The neurovascular response was also reduced at the forearm, an area that is generally spared by severe neuropathy, in patients with diabetic neuropathy compared with those without neuropathy.28 It is believed that the microangiopathic processes, leading to the development of overt nerve damage, are accelerated in the lower limbs compared with the upper limbs because of increased systemic pressure.27,29 The finding that the neurovascular response is impaired at the forearm of patients with diabetes with clinical neuropathy of the lower extremities supports the hypothesis that the loss of this response is an early event.

With the ROC analysis, we identified a cut‐off of 48% as the value of the neurovascular response with high sensitivity and an acceptable specificity in distinguishing between patients with and without an established diagnosis of diabetic neuropathy.
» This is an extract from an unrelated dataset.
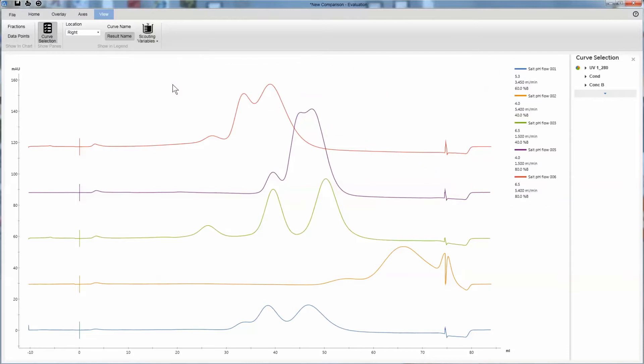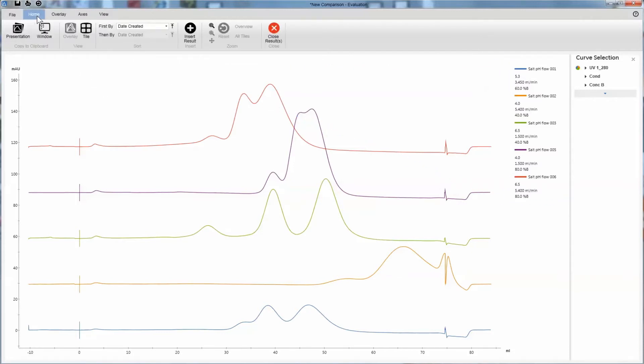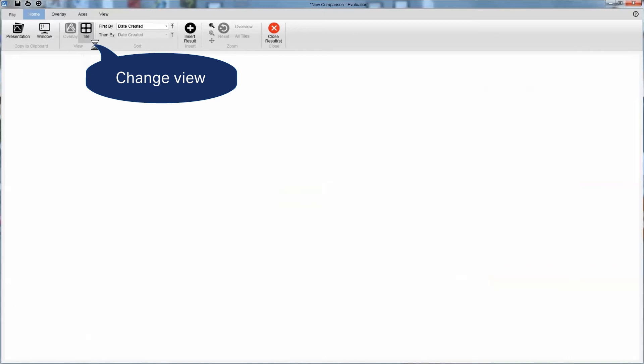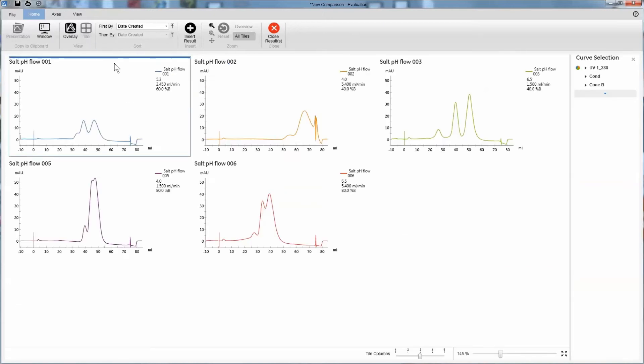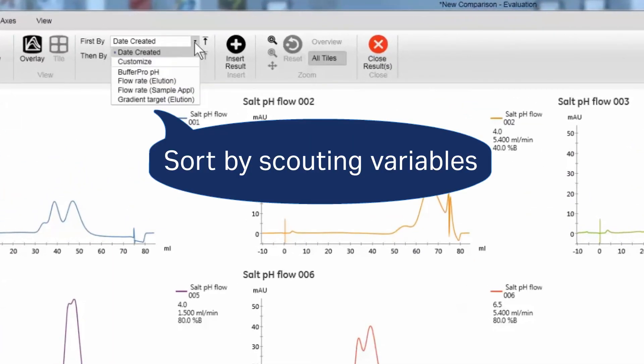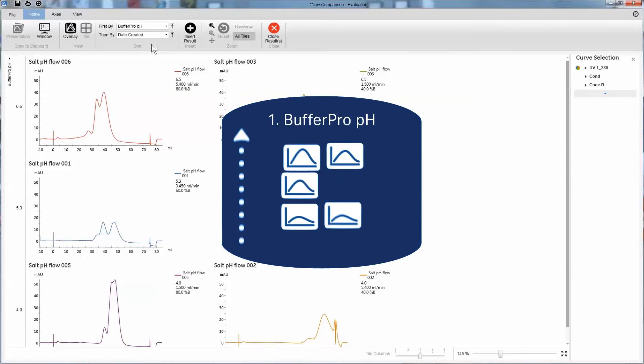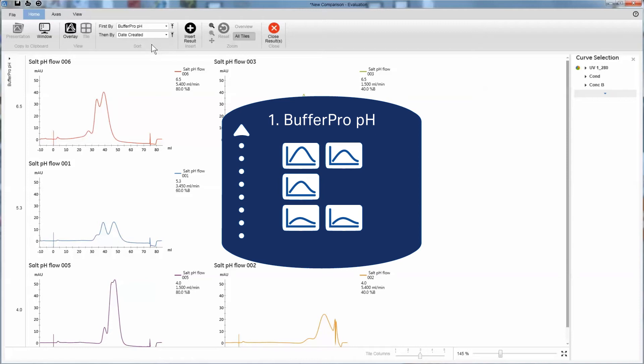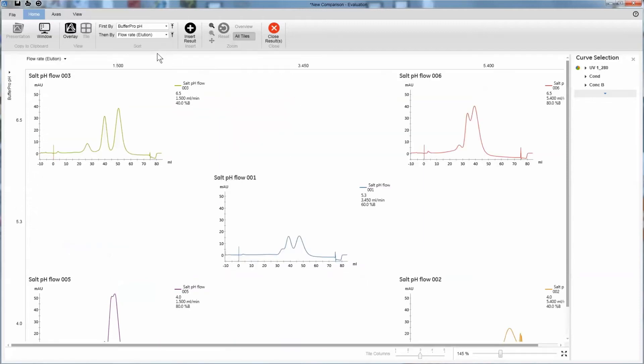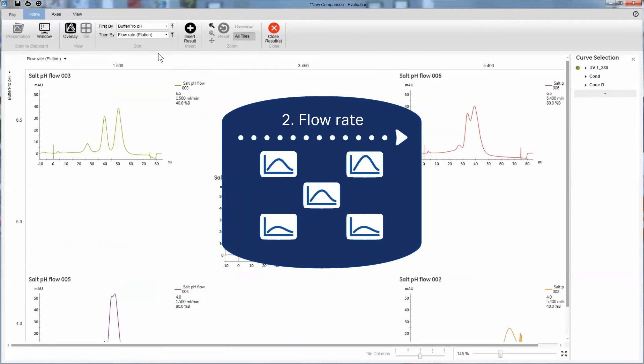See how your different settings affect the elution patterns by switching to Tile View. You can then sort the charts by different scouting variables. This gives a great overview of how the variables affect your run.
When comparing all diagnostic measures, a neurovascular response <50% had the best sensitivity and the lowest specificity. As this diagnostic test should be of value in screening for early neuropathy, the cut‐off value that is set in this study is optimal to this purpose. On the contrary, the HDT showed itself to be highly specific, although less sensitive. The thermal threshold determination, however, is associated with a higher variability.30

The neurogenic axon flare induced by intradermal electrical stimulation and the axon reflex associated with skin heating to 44°C are recently proposed techniques used to assess small‐fibre function by laser Doppler imaging.31,32 Although these techniques share the same physiological background as the neurovascular response to Ach, no data are available at the moment to make any comparison. The intradermal electrical stimulation technique, however, is more invasive and painful and the axon reflex with skin heating to 44°C is slightly more traumatic than the iontophoresis for patients without neuropathy.
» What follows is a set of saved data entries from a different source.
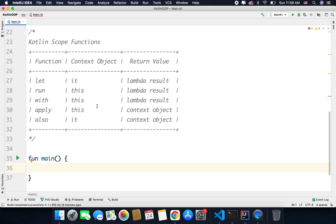This table defines how the context object is referred in each function and what is the return value. The first three functions — let, run, and with — return the lambda result. The last two — apply and also — return the context object itself. Inside let and also, we can use 'it', which is the default name given to the lambda argument, but you can also give a custom name if needed. All other functions refer to the context object using 'this', meaning you are inside the object scope and can refer to members using this keyword, or omit it entirely, as in run, with, or apply.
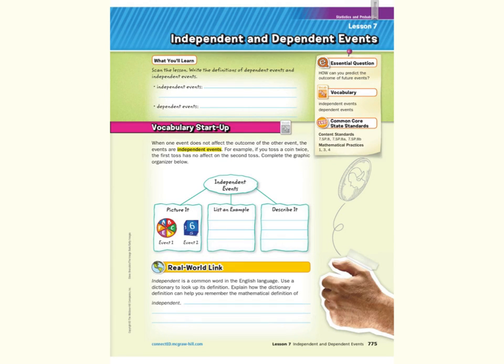Hi, Mr. Richards here. Today's lesson is on independent and dependent events. Our objective is to find the probability of independent and dependent events.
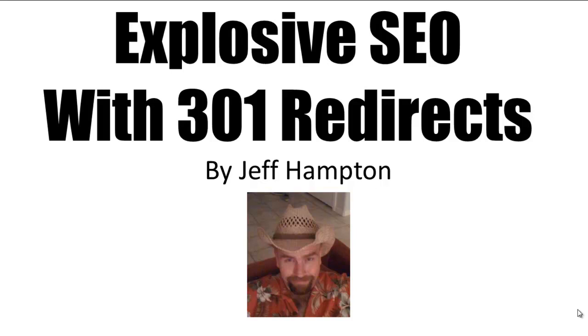So I highly recommend clicking the link below, picking up this course. It's less than ten bucks. Last I checked it was about seven bucks. The price is going up though, so grab it now and start implementing this incredibly powerful strategy. You can be doing this by tomorrow. Have a great day, thanks.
Punch‐skin biopsy is a relatively reproducible and reliable technique to quantify the epidermal nerve fibres by immunostaining with anti‐protein‐gene‐product 9.5 antibodies.33,34 Compared with the nerve–axon reflex assessment, however, this technique is quite invasive and requires specific training in an established cutaneous nerve laboratory.34

The Quantitative Sudomotor Axon Reflex Test (QSART) measures the severity and pattern of autonomic deficit.35 Given that autonomic dysfunction does not necessarily reflect impairment in somatic function, QSART and neurovascular response may have different and integrated clinical applications.
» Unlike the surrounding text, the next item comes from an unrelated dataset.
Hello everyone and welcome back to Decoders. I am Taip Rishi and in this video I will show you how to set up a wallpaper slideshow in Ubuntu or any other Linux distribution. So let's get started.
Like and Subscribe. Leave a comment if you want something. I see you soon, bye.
Thus, nerve–axon reflex assessment is a valid tool for testing C‐fibres, with the advantage of evaluating peripheral C‐fibres themselves rather than the nervous pathway as a whole. This technique does not require the cooperation of the patients, is not invasive or time consuming, permits serial analysis and requires only a short training period. One disadvantage is that it cannot be used if the patient has peripheral vascular disease.6

In conclusion, this study validated the nerve–axon reflex‐related vasodilatation for assessing small nerve fibre function. The technique has the potential to identify patients with diabetes with early neuropathy and can be used to assess therapeutic interventions to prevent or reverse C‐fibre dysfunction.

Abbreviations

Ach - acetylcholine

AUC - area under the curve

HDT - heat detection threshold

NDS - Neuropathy Disability Score

QSART - Quantitative Sudomotor Axon Reflex Test

ROC - receiver‐operating characteristic

SNP - sodium nitroprusside

VPT - vibration perception threshold

Footnotes

Competing interests: None.

Ethical approval: The necessary ethics committee approval was secured for the study. The study was approved by the local ethics committee of the Tor Vergata Hospital in Rome and each patient signed a written informed consent.

Part of the study was presented at the 40th Annual Meeting of the European Association for the Study of Diabetes, Münich, 5–9 September 2004, and published as an abstract (Diabetologia 2004;47(Suppl 1):A34).